In the community of Dempsey, there is a very old pear tree planted by Dr. Walker Dempsey’s grandfather, according to family tradition.

“My uncle, who was married in 1900, told me that he could remember eating pears off of that tree the year of his wedding,” Dr. Dempsey said. “I don’t know of any other tree that old that still bears fruit.”

When Dempsey’s grandparents arrived in Franklin County from Georgia and Tennessee in the 1880s, no one could know that the family’s contribution to this rural area would extend far beyond the planting of pear trees. One descendant alone has been largely responsible for seeing to the health and physical well-being of Red Bay area citizens for more than 39 years.

Since he first hung his shingle out in October 1948, Dr. Walker Dempsey has established two medical clinics, assisted in establishing a hospital and delivered 2,040 babies. He still remembers that none of these accomplishments would have been possible without the interference of “old Dr. Weatherford,” the local physician who saved Dempsey’s life when, in 1929, he lay dying of pneumonia at the age of five.

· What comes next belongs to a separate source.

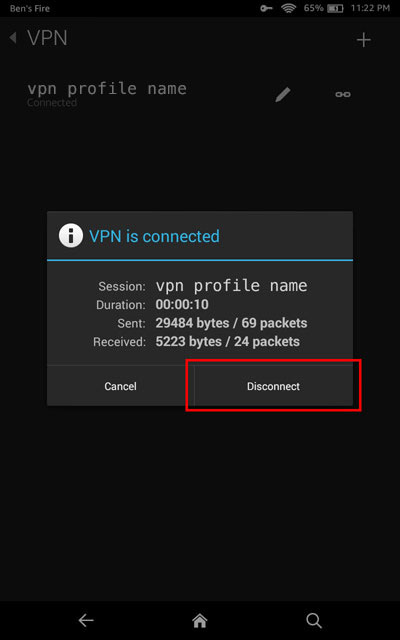 disconnect vpn profile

“After that, I guess it was only natural that I later decided, in the 11th grade, to become a doctor and return to Red Bay to practice,” Dempsey said. “Of course, it worried my mother, the expense of medical school, but we managed.”

Apart from the two years he served on a California Air Force base shortly after his marriage in the early 1950s, Dempsey has been administering to the medical needs of his Red Bay neighbors and taking an active part in civic affairs. Sometimes, the two areas have overlapped, as when, on his return from military service, Dempsey reached into his own pocket to build Red Bay’s first six-bed medical clinic downtown. Later, when the Red Bay Hospital finally was built in 1967, it was largely through Dempsey’s efforts.

“We had a time with that,” said the doctor, a three-time city councilman. “We had to work hard in Montgomery and here, too, to get a city sales tax passed to help pay for it.”

Now settled in a larger, more modem clinic built in 1979, Dempsey is still taking care of his patients, though he no longer performs surgery. He speaks with pride of the three young doctors who now share his general practice with him, calling them his greatest contribution to the community.

“I feel I’ve really helped the area by bringing these young men here. They’re fine doctors. It used to be hard to attract young doctors to this place, but now we have this new clinic here, one of the best office set-ups in the state. It’s been a pleasure to work here. We stay busy.”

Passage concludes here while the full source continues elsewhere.